Game of Thrones 4. Staffel

Game of Thrones Staffel 4Game of Thrones ist in mehrerlei Hinsicht ein Phänomen. Über die Qualität, die weit über 08/15-Serien hinausgeht, hab ich mich im Blog schon mehrfach ausgelassen. Der Suchtfaktor ist extrem hoch, was den enormen Erfolg erklärt (für den Sender HBO ist es die erfolgreichste Serie aller Zeiten). Dieser Erfolg lässt den Fan hoffen, dass die Serie nicht irgendwann einfach sang- und klanglos abgesetzt wird wie manch andere. Beim Umgang mit den Hauptfiguren erscheint mir GoT ebenfalls einzigartig: Ich kenne keine Serie oder Reihe, in der Hauptfiguren ähnlich oft das Zeitliche segnen (und sollte vielleicht dazuschreiben, dass ich die Romane von George R. R. Martin nicht kenne, obwohl ich ihn als Autor sehr schätze – ich weiß also nicht, wie es weitergeht).

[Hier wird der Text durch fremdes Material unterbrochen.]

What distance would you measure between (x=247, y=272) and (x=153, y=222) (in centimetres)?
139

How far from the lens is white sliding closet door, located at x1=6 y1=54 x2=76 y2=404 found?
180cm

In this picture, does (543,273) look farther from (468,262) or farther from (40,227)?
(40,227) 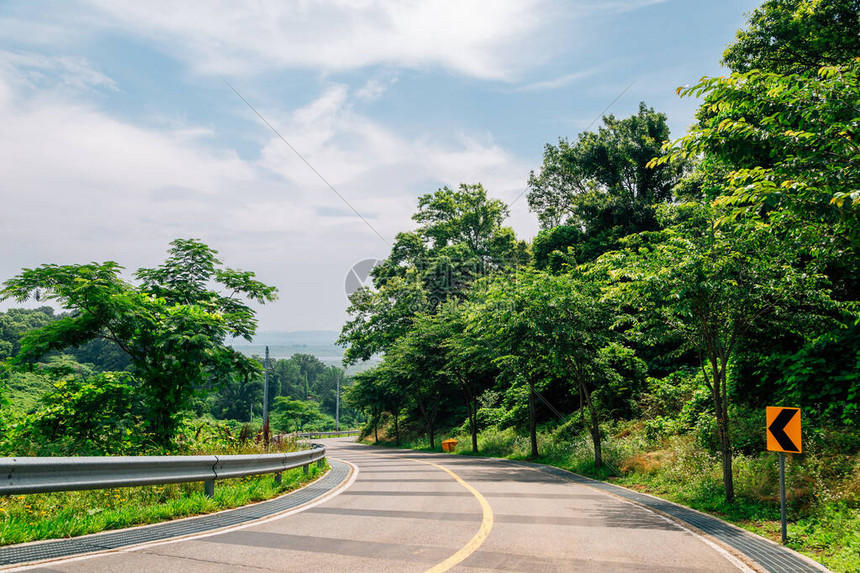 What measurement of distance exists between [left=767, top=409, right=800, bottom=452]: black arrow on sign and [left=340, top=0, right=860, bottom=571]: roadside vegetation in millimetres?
1303

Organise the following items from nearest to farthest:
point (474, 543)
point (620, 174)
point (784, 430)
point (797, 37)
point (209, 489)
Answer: point (474, 543) → point (784, 430) → point (209, 489) → point (797, 37) → point (620, 174)

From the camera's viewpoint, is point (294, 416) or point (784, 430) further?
point (294, 416)

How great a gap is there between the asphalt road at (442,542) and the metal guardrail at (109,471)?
1.11m

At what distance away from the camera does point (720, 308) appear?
34.3ft

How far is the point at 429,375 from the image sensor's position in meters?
32.8

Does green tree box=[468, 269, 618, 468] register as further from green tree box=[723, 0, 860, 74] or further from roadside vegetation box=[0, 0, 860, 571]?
green tree box=[723, 0, 860, 74]

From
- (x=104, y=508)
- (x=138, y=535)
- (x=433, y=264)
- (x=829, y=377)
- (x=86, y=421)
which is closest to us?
(x=138, y=535)

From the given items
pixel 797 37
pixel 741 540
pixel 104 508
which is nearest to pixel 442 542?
pixel 741 540

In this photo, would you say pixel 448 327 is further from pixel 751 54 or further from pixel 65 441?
pixel 65 441

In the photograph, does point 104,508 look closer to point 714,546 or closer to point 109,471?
point 109,471

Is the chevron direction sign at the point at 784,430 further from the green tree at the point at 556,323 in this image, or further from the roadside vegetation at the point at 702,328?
the green tree at the point at 556,323

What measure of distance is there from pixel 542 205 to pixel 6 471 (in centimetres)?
3937

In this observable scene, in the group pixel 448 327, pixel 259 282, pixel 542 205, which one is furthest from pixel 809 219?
pixel 542 205

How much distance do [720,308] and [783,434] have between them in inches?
146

Im Grunde kann kein Hauptdarsteller sicher sein, dass er die nächste Zehner-Staffel überleben wird; vielleicht mit Ausnahme von Emilia Clarke als Daenerys Targaryen, ohne die der komplette Handlungsstrang fernab von Westeros keinen Sinn mehr ergibt (aber wer weiß …). Wie viele Hauptfiguren bereits fehlen, kann ich aus dem Gedächtnis gar nicht mehr sagen – es sind einfach zu viele. In der 4. Staffel geht das Sterben munter weiter, und es betrifft auch Figuren, bei denen ich es mir beim derzeitigen Stand der Serie nicht vorstellen konnte. Eins lässt sich dabei feststellen: Es kommen kaum neue, wichtige Hauptfiguren hinzu. Somit konzentriert sich das Kampf- und Intrigenspiel um den Eisernen Thron zunehmend auf weniger Charaktere, was die Hoffnung nährt, dass die Serie irgendwann mal auf einen finalen Showdown zuläuft und nicht alles ewig und endlos weitergeht. Auf der anderen Seite, mal ganz ehrlich: Will man als Fan der Serie eigentlich ein richtiges Ende? Das wäre dann so END-gültig …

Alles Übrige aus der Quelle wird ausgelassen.